- **Data**:
————

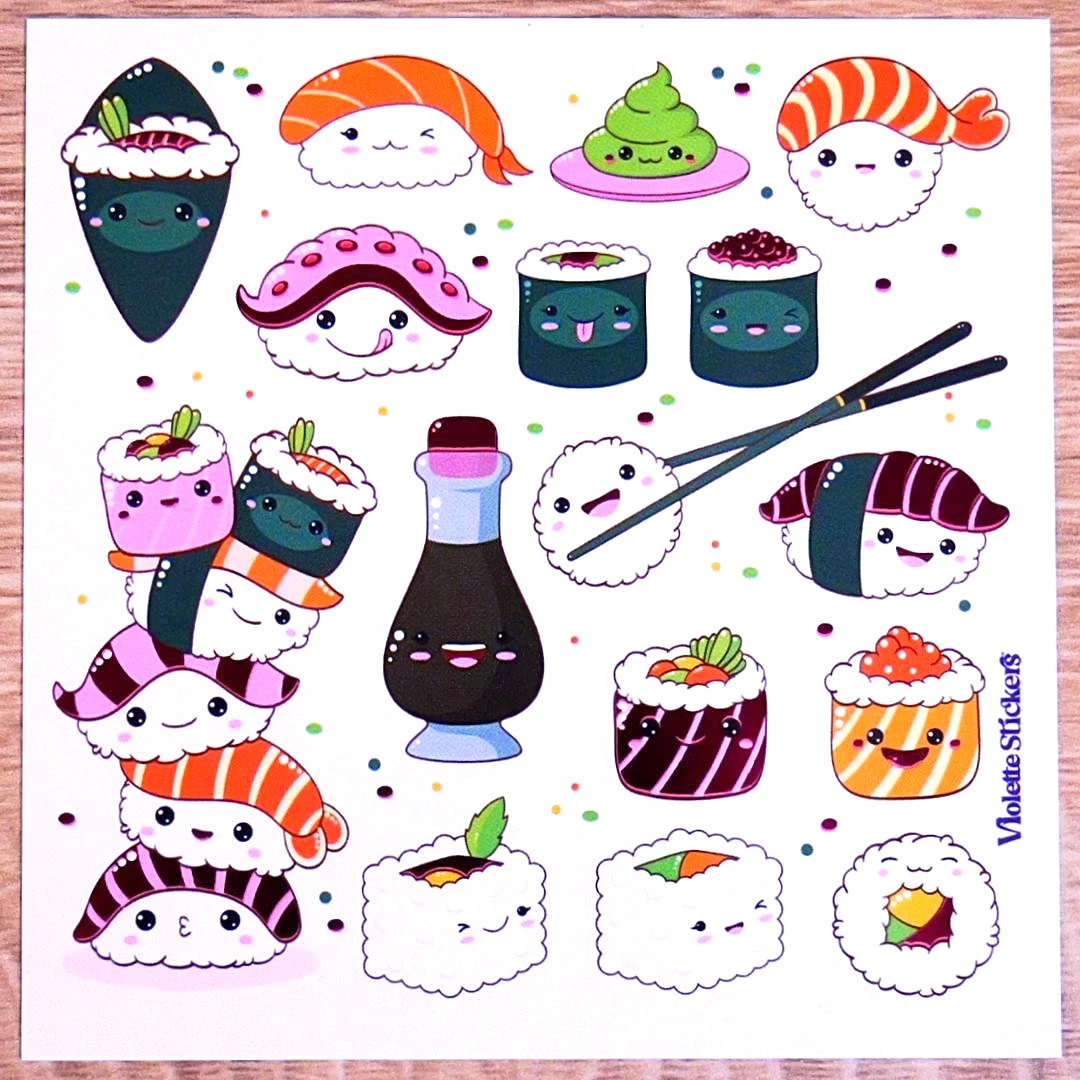 Happy Sushi Stickers - Cute Sashimi Food Sticker Sheets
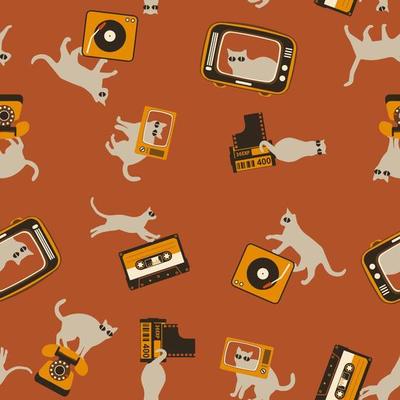 Seamless pattern silhouettes of the cat with retro media icon, different poses on color background, Cute and funny vector.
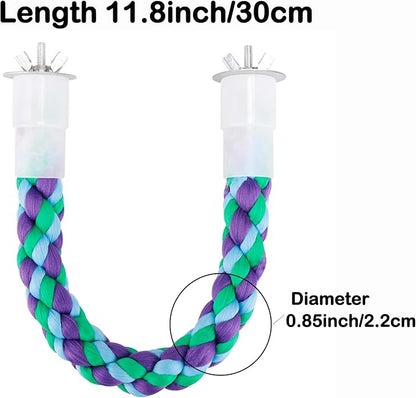 2Pcs 11.8__ird Rope Perches,Bendable Climbing Standing Chew Cage Toys Unique&Simulate Natural Color Bungee Toys for Small to Regular Size Birds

————

- **Exercise goal**:
Lines from the one containing "Seamless pattern silhouettes" through the end of the listing, both included, are to be restated exactly, and pictures are to be left out.

- **Response area**:
 Seamless pattern silhouettes of the cat with retro media icon, different poses on color background, Cute and funny vector.
 2Pcs 11.8__ird Rope Perches,Bendable Climbing Standing Chew Cage Toys Unique&Simulate Natural Color Bungee Toys for Small to Regular Size Birds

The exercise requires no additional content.